Work order: Take the material below and extract the lines from the one with "Cartoon rabbit bunny, seamless" through the one with "Retro Squares Baby", word for word, without pictures.

Supplied records:

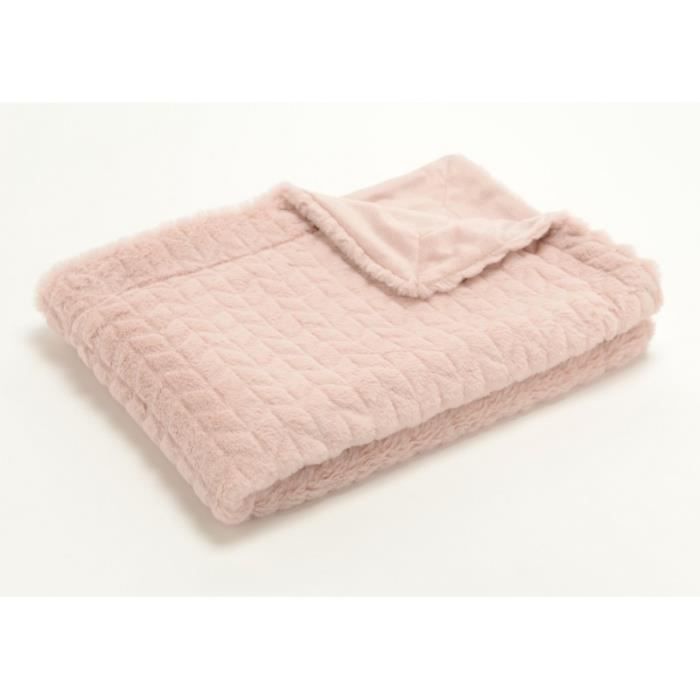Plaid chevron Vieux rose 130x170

...

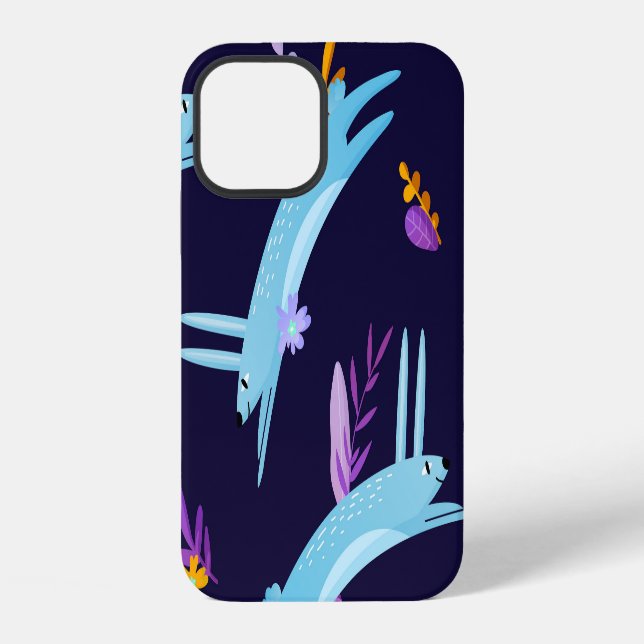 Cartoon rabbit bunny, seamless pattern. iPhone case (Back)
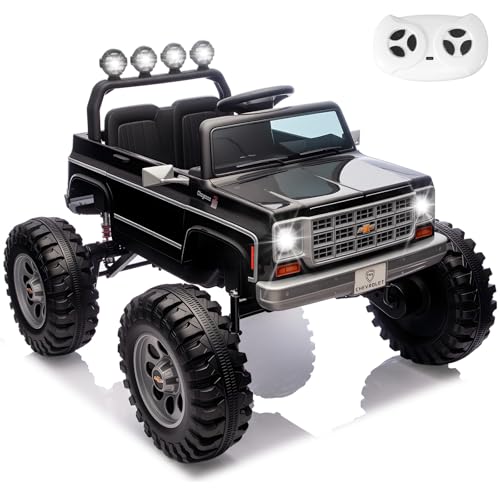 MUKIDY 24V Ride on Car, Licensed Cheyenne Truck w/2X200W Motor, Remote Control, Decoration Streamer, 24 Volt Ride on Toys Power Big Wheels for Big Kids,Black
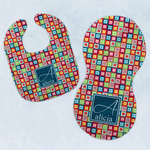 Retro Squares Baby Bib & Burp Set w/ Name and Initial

Expected answer:
 Cartoon rabbit bunny, seamless pattern. iPhone case (Back)
 MUKIDY 24V Ride on Car, Licensed Cheyenne Truck w/2X200W Motor, Remote Control, Decoration Streamer, 24 Volt Ride on Toys Power Big Wheels for Big Kids,Black
 Retro Squares Baby Bib & Burp Set w/ Name and Initial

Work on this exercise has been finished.